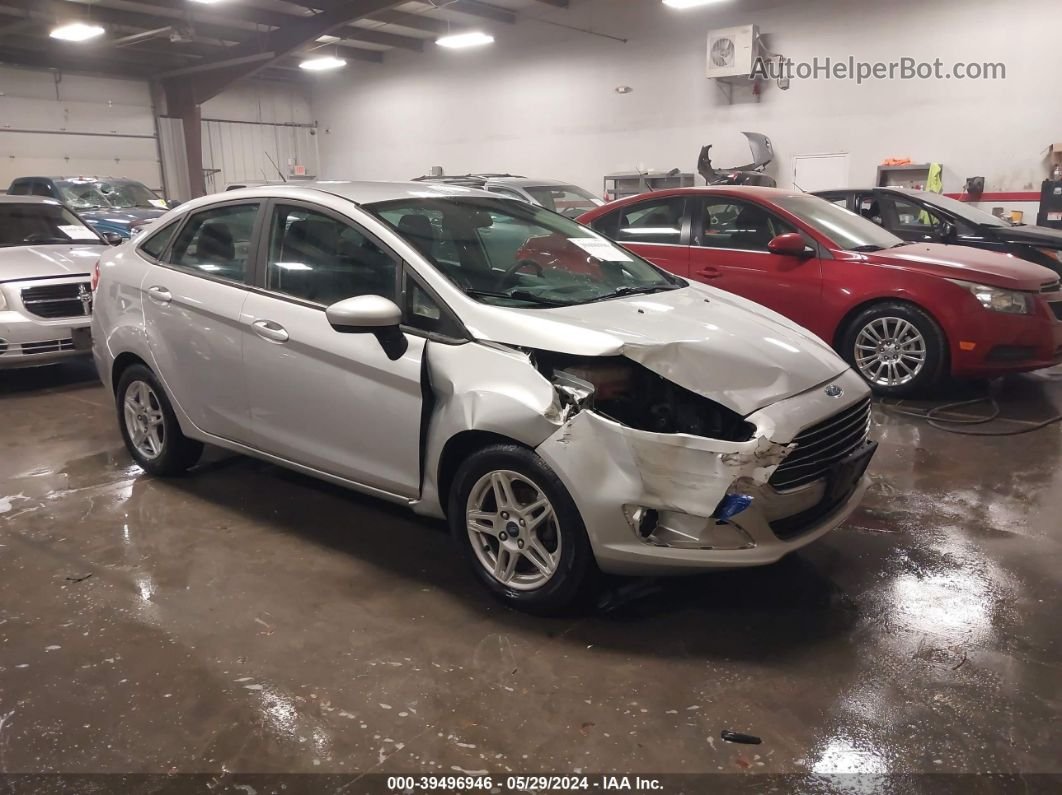 2019 Ford Fiesta Se Silver vin: 3FADP4BJ1KM141112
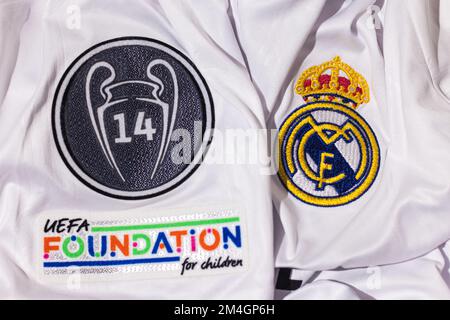 Schild auf dem weißen Trikot des Real Madrid Football Clubs, zusammen mit dem Schild der 14 Europameisterschaften und dem UEFA-Schild. UEFA Champions League f Stockfoto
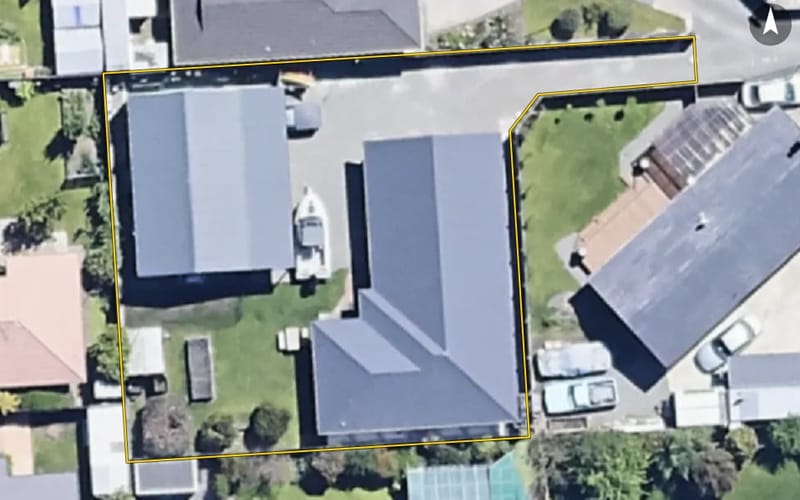 19B Mowat Street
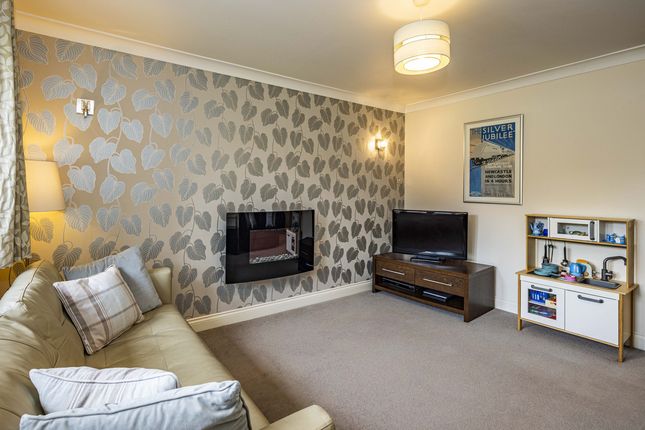 3, Derwent Avenue, West Hallam photo 4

TASK TO CARRY OUT
Would you write out the data exactly, with no pictures in the copy?

TASK RESPONSE
 2019 Ford Fiesta Se Silver vin: 3FADP4BJ1KM141112
 Schild auf dem weißen Trikot des Real Madrid Football Clubs, zusammen mit dem Schild der 14 Europameisterschaften und dem UEFA-Schild. UEFA Champions League f Stockfoto
 19B Mowat Street
 3, Derwent Avenue, West Hallam photo 4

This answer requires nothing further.